The exact path one must traverse in order to comprehend the price of British train tickets

This kind of encapsulates why Etherborn works so well. Calling its challenges 'puzzles' might even misrepresent them, as it calls to mind pushing blocks around or fiddling with items or buttons. The challenge here is in teaching your brain how to use the slopes and jumps and pokey uppy things to find the path you need. It tends not to play tricks or hide things from you, if you discount the times when it obscures the opposite side of a level until you find the path there. In doing so it hits the right degree of challenge - the only frustration I felt was with myself, as it's entirely fair, and the solution to whatever difficulty I was having was always tantalisingly out of reach.

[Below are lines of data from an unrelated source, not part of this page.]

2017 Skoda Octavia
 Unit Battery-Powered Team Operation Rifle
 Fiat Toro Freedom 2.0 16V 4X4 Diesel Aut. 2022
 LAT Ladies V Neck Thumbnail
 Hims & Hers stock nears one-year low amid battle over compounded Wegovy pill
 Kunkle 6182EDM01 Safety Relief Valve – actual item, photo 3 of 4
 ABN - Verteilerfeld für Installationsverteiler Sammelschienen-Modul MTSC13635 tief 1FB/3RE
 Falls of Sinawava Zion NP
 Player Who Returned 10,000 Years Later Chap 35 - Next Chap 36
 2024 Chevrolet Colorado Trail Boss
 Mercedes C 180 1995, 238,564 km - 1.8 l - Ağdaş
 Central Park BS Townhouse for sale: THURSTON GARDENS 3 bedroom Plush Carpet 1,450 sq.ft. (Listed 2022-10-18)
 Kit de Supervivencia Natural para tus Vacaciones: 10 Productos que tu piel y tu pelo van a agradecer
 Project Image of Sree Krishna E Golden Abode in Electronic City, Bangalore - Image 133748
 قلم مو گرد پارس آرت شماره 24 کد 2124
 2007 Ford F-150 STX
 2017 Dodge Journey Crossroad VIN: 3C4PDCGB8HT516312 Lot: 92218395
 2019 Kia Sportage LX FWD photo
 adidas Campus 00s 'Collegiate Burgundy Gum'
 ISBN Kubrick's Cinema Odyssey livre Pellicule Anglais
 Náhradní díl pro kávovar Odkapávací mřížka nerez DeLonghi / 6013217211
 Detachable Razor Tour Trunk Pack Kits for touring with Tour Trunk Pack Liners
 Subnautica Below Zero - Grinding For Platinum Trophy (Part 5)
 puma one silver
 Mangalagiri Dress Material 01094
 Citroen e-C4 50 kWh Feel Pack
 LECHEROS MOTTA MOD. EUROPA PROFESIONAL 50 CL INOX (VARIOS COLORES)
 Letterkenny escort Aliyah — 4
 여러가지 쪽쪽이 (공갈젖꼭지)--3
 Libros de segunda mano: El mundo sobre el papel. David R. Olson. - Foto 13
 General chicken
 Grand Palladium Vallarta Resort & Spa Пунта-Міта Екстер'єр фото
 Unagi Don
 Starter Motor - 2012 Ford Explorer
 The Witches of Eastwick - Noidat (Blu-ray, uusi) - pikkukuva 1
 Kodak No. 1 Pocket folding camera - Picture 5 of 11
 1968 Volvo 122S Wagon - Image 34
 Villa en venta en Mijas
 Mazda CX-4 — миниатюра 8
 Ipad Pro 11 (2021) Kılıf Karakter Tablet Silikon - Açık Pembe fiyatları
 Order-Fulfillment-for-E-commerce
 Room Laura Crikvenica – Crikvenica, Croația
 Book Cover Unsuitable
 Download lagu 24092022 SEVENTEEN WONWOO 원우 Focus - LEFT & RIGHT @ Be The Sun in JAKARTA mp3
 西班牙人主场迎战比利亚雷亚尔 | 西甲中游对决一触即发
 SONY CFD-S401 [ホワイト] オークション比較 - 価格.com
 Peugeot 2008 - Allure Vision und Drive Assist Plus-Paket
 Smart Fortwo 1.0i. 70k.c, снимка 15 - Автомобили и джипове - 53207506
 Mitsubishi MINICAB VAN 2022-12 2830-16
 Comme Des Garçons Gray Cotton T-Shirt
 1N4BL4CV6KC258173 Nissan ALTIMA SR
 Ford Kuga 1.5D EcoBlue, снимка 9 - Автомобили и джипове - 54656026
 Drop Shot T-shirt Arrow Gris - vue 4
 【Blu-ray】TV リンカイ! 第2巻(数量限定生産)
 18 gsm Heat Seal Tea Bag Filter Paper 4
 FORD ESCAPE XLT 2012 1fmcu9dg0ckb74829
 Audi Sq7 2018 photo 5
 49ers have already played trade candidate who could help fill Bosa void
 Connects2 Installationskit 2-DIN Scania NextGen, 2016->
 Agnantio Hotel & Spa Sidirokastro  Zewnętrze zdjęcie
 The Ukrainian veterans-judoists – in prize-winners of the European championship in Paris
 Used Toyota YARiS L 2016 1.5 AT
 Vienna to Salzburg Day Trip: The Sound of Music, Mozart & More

You know that moment where you sort if intuitively figure out where you're going, but it only works if you don't actively think about it or try to explain it to yourself? Quite a few of the hurdles I struggled with were overcome through that. It's really quite impressive, and puts me in a strange position of wanting a bit more while also acknowledging that it was exactly the right length.

A tall bit

Rather than dozens or hundreds of tiny levels, Etherborn offers a small handful of elaborate, carefully crafted ones. Its narrative, for all my mud-brained failure to engage with it, was unintrusive and pleasant enough that I could sit back and relax with it as a wee reward for finishing a section. Even the parts between levels where you open up new branches on the 'eternal tree' and run along them for a while were so well presented that they turned sections I'd normally regard as a chore into a comfortable transition. I was first attracted by the striking colour scheme showcased in its trailer, which changes for every level through warm pinks and oranges, vivid purple and greens, and a particularly classy scarlet and teal in the most elaborate one.

Indeed, so effective was the musical and visual direction that I gasped in genuine awe at a key moment in the finale. It may not be a long game, for a faster-witted player than I would get through it in an afternoon, and pretty games may not be all that scarce... but this is more than just pretty. It's a carefully directed, genuinely beautiful game well worth your time.